[Material shown]:
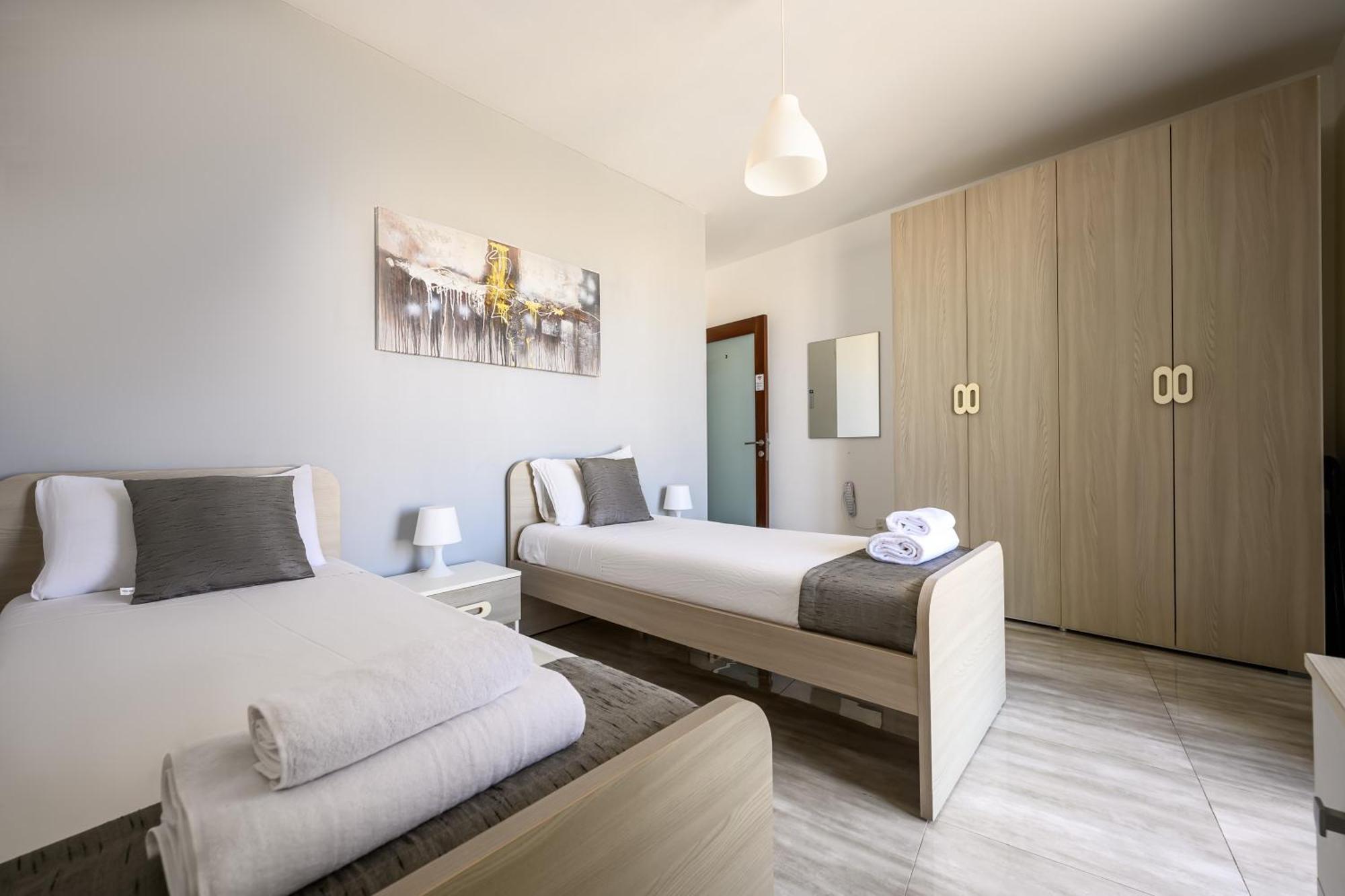 F11 Room 3, Private Room Two Single Beds Shared Bathroom In Shared Flat Msida Esterno foto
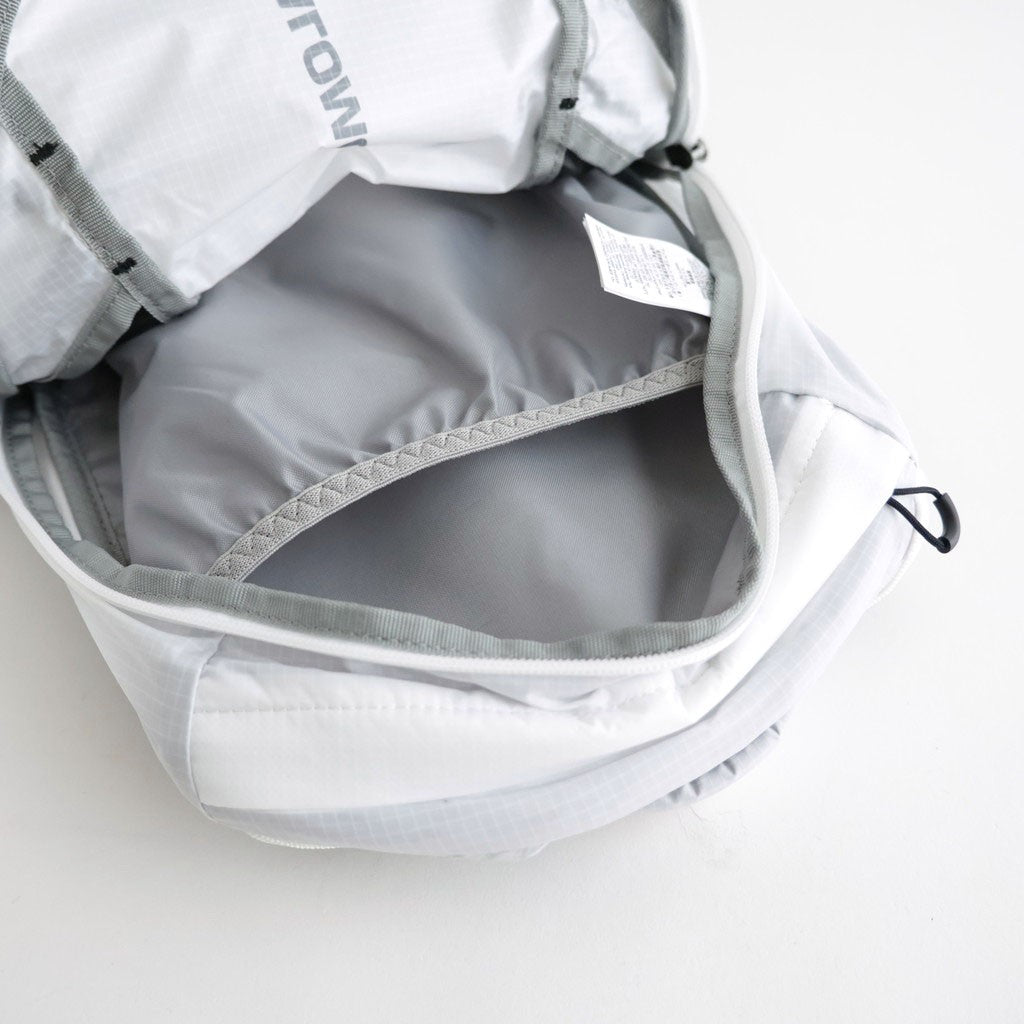 XT 10 #White/Black [LC2859000]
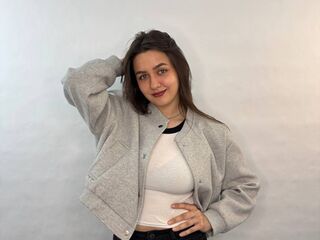 online chat ElaraWhitmoren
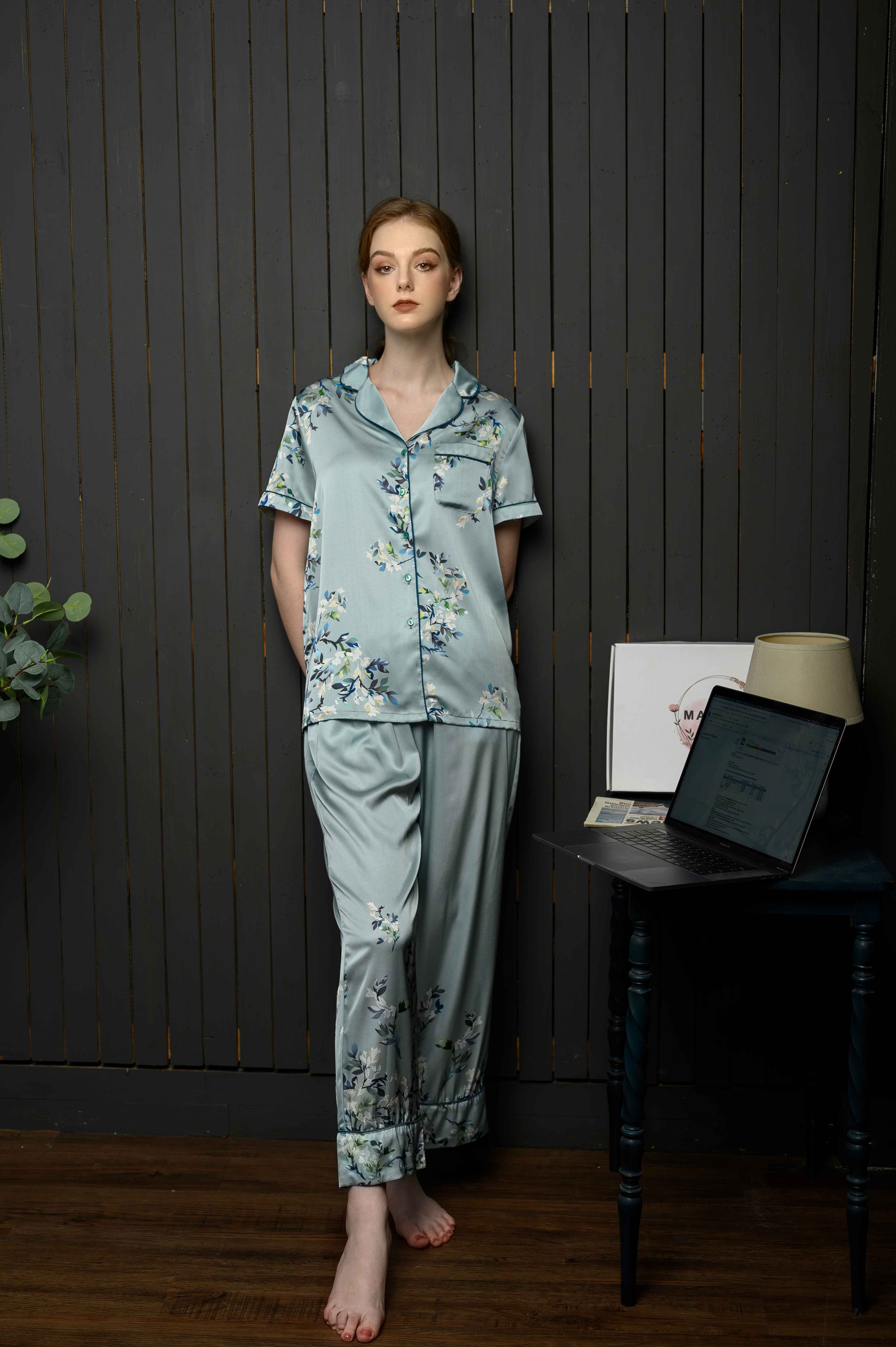 Bộ lụa xanh họa tiết hoa cộc tay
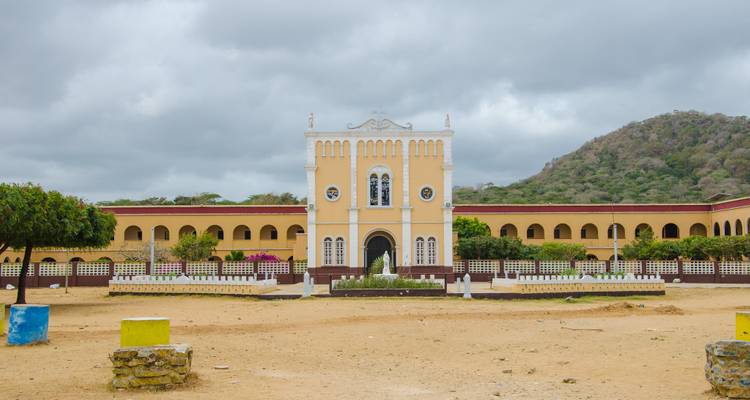 Edificio de estilo colonial español con arcos y un patio.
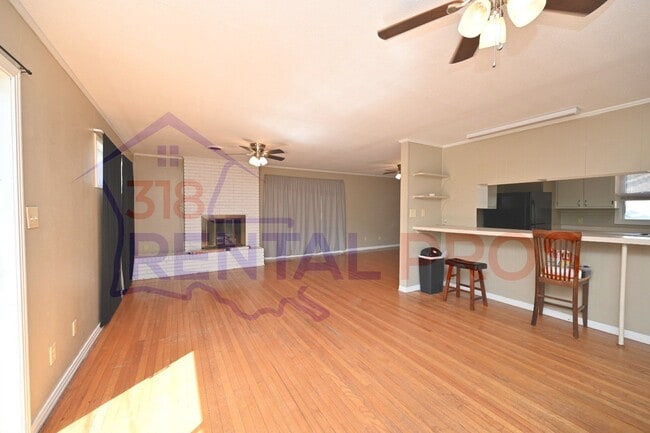 Building Photo - 1707 Lind Dr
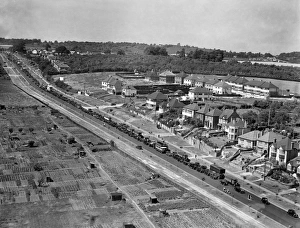 <b class=qtipBold><figcaption>Rochester, Kent EPR004506</figcaption></b><br>A traffic jam on the outskirts of Rochester, Kent. Aerial view by Aeropictorial. Aerofilms Collection. July 1938.<br><em>© Historic England</em> Rochester, Kent EPR004506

[Task directions]:
Leave the pictures out. Repeat every entry above exactly.

[Solution for this task]:
 F11 Room 3, Private Room Two Single Beds Shared Bathroom In Shared Flat Msida Esterno foto
 XT 10 #White/Black [LC2859000]
 online chat ElaraWhitmoren
 Bộ lụa xanh họa tiết hoa cộc tay
 Edificio de estilo colonial español con arcos y un patio.
 Building Photo - 1707 Lind Dr
 <b class=qtipBold><figcaption>Rochester, Kent EPR004506</figcaption></b><br>A traffic jam on the outskirts of Rochester, Kent. Aerial view by Aeropictorial. Aerofilms Collection. July 1938.<br><em>© Historic England</em> Rochester, Kent EPR004506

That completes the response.